Ethereum Prysm client experiences mainnet incident: Resource exhaustion leads to large-scale block and witness loss
The Prysm team released a report on the mainnet incident stating that on December 4th, during the Ethereum mainnet Fusaka period, nearly all Prysm beacon nodes experienced resource exhaustion while processing specific attestations, resulting in an inability to timely respond to validator requests, causing a large number of block and witness losses.
The impact of the incident ranged from epoch 411439 to 411480, with a total of 42 epochs, where 248 blocks were missing out of 1344 slots, resulting in a missing rate of approximately 18.5%; the network participation rate once dropped to 75%, with validators losing witness rewards of about 382 ETH. The root cause was that Prysm received attestations from nodes that may have been out of sync with the mainnet, which referenced the block root of the previous epoch.
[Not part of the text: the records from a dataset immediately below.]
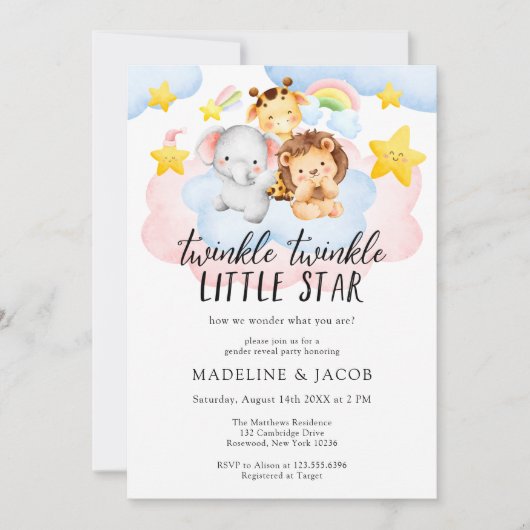 Twinkle Little Star Gender Reopenbaart zich Kaart (Voorkant)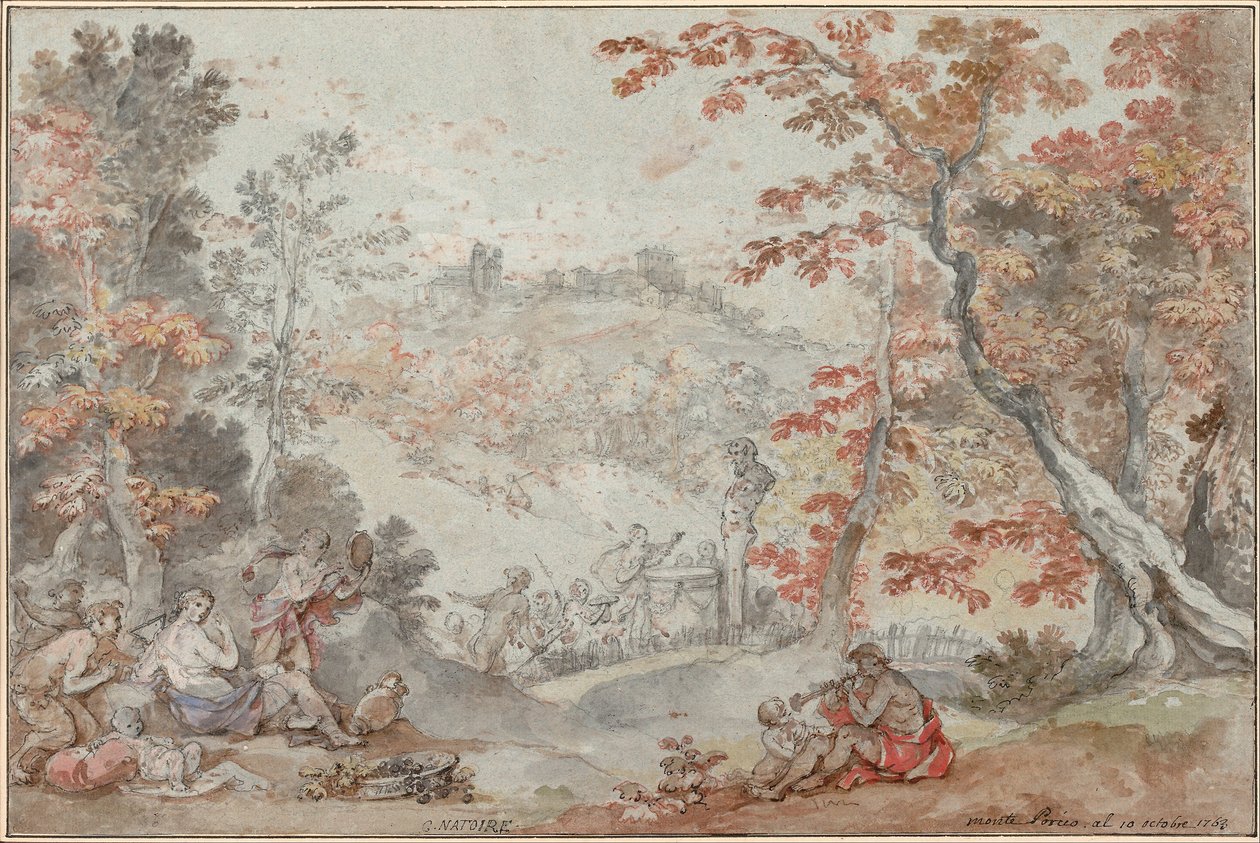 モンテ・ポルツィオとパンへの捧げ物があるイタリアの秋の風景 1763年 作： チャールズ・ジョセフ・ナトワール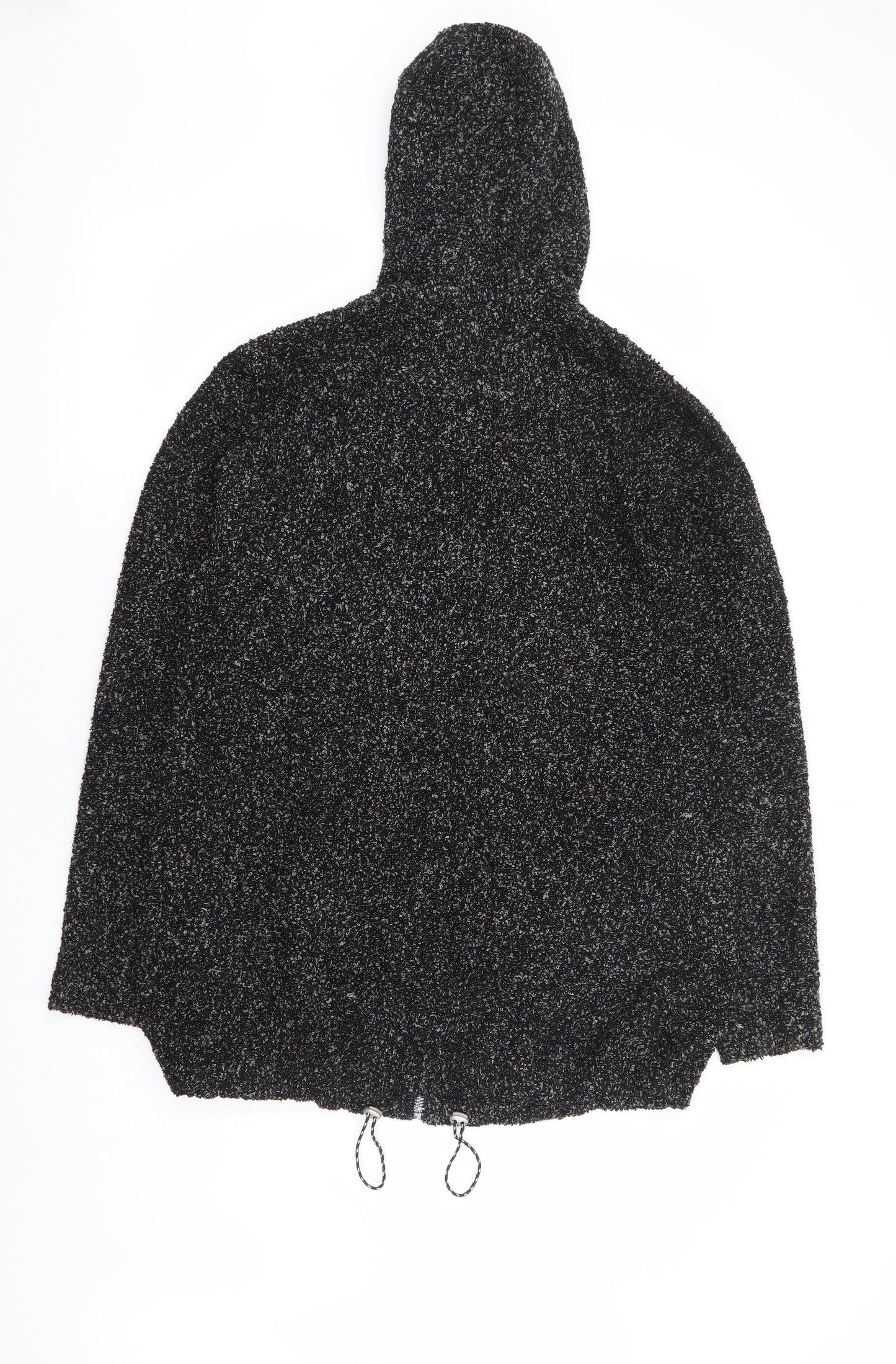 Preworn Womens Black Polyester Full Zip Hoodie Size S Zip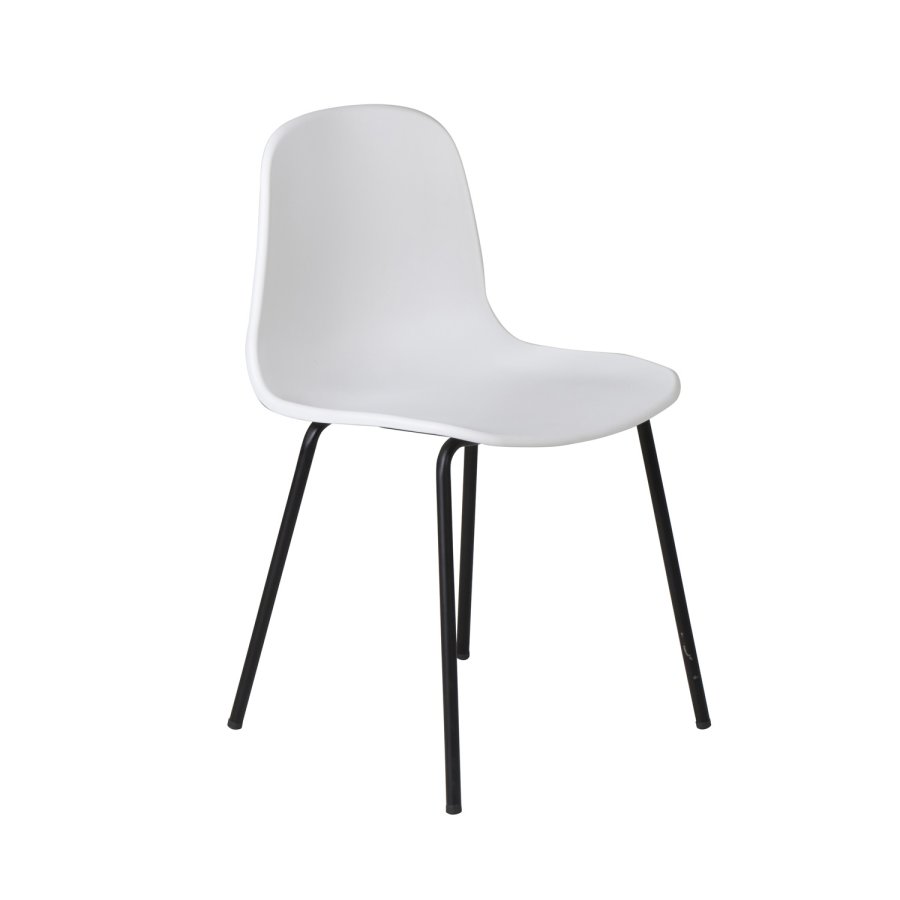 VENTURE DESIGN Arctic Esszimmerstuhl – weißer Kunststoff und schwarzes Metall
To verify their legitimacy, Prysm repeatedly replayed the old epoch state and executed high-cost epoch transitions, leading to resource exhaustion under high concurrency. The related defect originated from Prysm PR 15965, which had been deployed to the testnet a month ago but did not trigger the same scenario.
The official temporary solution provided is to enable the --disable-last-epoch-target parameter in version v7.0.0; the subsequently released v7.0.1 and v7.1.0 have included long-term fixes, avoiding repeated playback of historical states by using head state to validate attestations. Prysm stated that the issue gradually alleviated after December 4th, 4:45 UTC, and by epoch 411480, the network participation rate recovered to above 95%.
The Prysm team pointed out that this incident highlights the importance of client diversity; if a single client accounts for more than one-third, it may lead to a temporary inability to finalize; if it exceeds two-thirds, there is a risk of an invalid chain at finality. They also reflected on the unclear communication of feature switches and the testing environment's failure to simulate large-scale out-of-sync nodes, and will improve testing strategies and configuration management in the future.